In New Zealand, seniors are taking death into their own hands, meeting once a week to build and decorate their own coffins. It may sound macabre. It certainly doesn't seem like fodder for a film, and it definitely can't be the makings of a charming song-and-dance musical.
But for Kiwi film director Briar March that’s exactly what came to mind when she first learned about a growing number of aging New Zealanders who are joining coffin clubs in an effort to stare down death while having fun. Her new docu-musical, "The Coffin Club" (watch it below), puts a "celebratory spin" on this oddly heartening hobby sweeping her country.
"I think that’s what The Coffin Club members are doing too," says March in this Stuff article. "They are having fun and creating a joyous celebration out of something that could otherwise be a scary and not so open subject that people want to talk about."
A mature way to move on
Katie Williams, a former palliative care nurse from the town of Rotorua on New Zealand’s North Island, was the first to convince fellow retirees to lay down their bingo cards and knitting needles for the creative joys of coffin-making.
The Kiwi Coffin Club started in her garage in 2010 and quickly grew as word spread among local seniors about this odd but intriguing new way to connect with others. It now boasts 60-plus members. As Williams recently told The Guardian: "There is a lot of loneliness among the elderly, but at the coffin club people feel useful, and it is very social. We have morning tea and lunch, and music blaring, and cuddles."
By building and decorating their own "underground furniture," club members not only begin to cope collectively with the realities of death, but have a chance to imbue their final journey with some personality, whimsy and creative pizzazz, too. Best of all, their DIY coffins cost a fraction of what standard models do, allowing older people and their families to drastically cut funeral expenses.
Since Williams launched her group, several more coffin clubs have sprung up around New Zealand. A few have even expanded beyond making their own coffins to creating baby models that are donated to hospitals for free.
Finding levity in loss
When director March first got wind of these free-spirited seniors, she immediately sought a way to bring their lively gallows humor and engaging creativity to the screen. The obvious choice? Film it as a campy musical cast entirely with members of the Rotorua Kiwi Coffin Club.

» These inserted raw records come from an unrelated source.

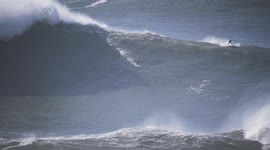 Surfers charge monster waves during recent MASSIVE swell in Nazare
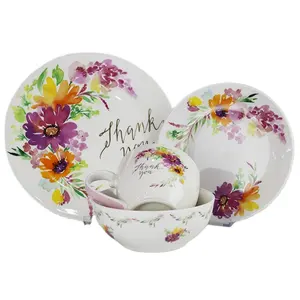 16 pcs Hand painted flora design New bone china Dinner Set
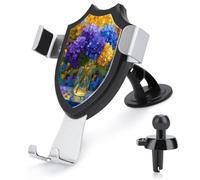 Jubonexis Blue Purple Yellow Hydrangeas in Glass Vase Car Phone Holder Mount Triangle Clip Base Air Vent Cell Phone Car Mount Automotive Accessories for 4-6 Inches Cell Smartphones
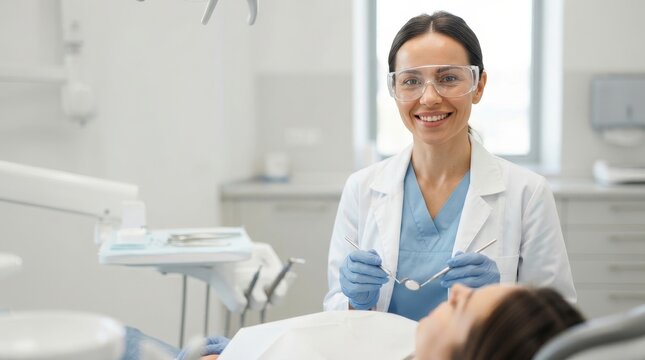 Smiling female dentist in safety glasses holding mirror and probe. Friendly professional doctor looking at camera with patient in dental chair. Oral healthcare concept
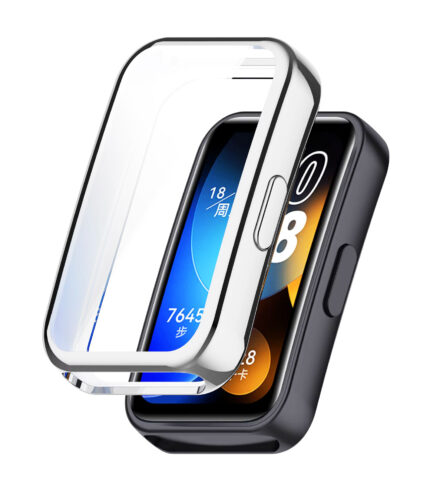 Huawei Band 10 kijelzővédős ezüst szilikon tok 2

She sent a proposal to Loading Docs, a web platform that selects 10 short New Zealand documentaries annually to help develop and distribute. After launching a crowdfunding campaign to raise money, she put her senior stars to work.

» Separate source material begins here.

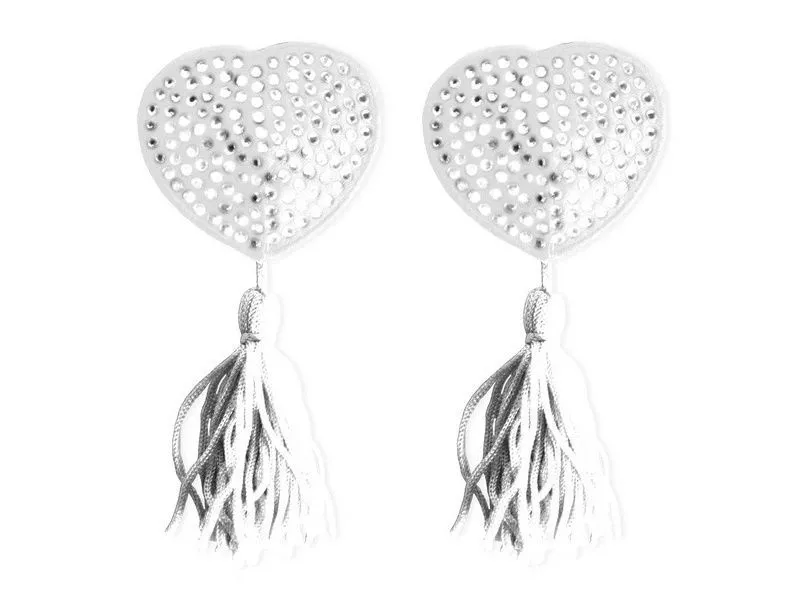 Пэстисы Shots Media Nipple Tassels Heart, белые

The 3-minute docu-musical is funny and fun, paying homage to the excitement and spectacle of old Hollywood musicals. The seniors are naturals, thumbing their noses at death with aplomb and rejoicing in life through witty lyrics about death, fancy footwork and razzle-dazzle costumes.
Perhaps the real stars are the coffins themselves, which many club members apparently use as decorative furniture until it’s time for their intended purpose. There’s an Elvis-inspired casket adorning one woman’s Elvis-inspired room, a cushion-topped blue model currently used as a sofa bed, and a whimsical chicken-themed coffin serving as a living room display table.
For March, the idea isn’t just to highlight the warmth and camaraderie that coffin clubs provide, but also to spark a healthy conversation about life and death. As she notes in her crowdfunding video: "I hope that this unique story will allow all generations to have a fresh perspective on aging. How do we overcome the fear of death and what does it mean to take control of it?"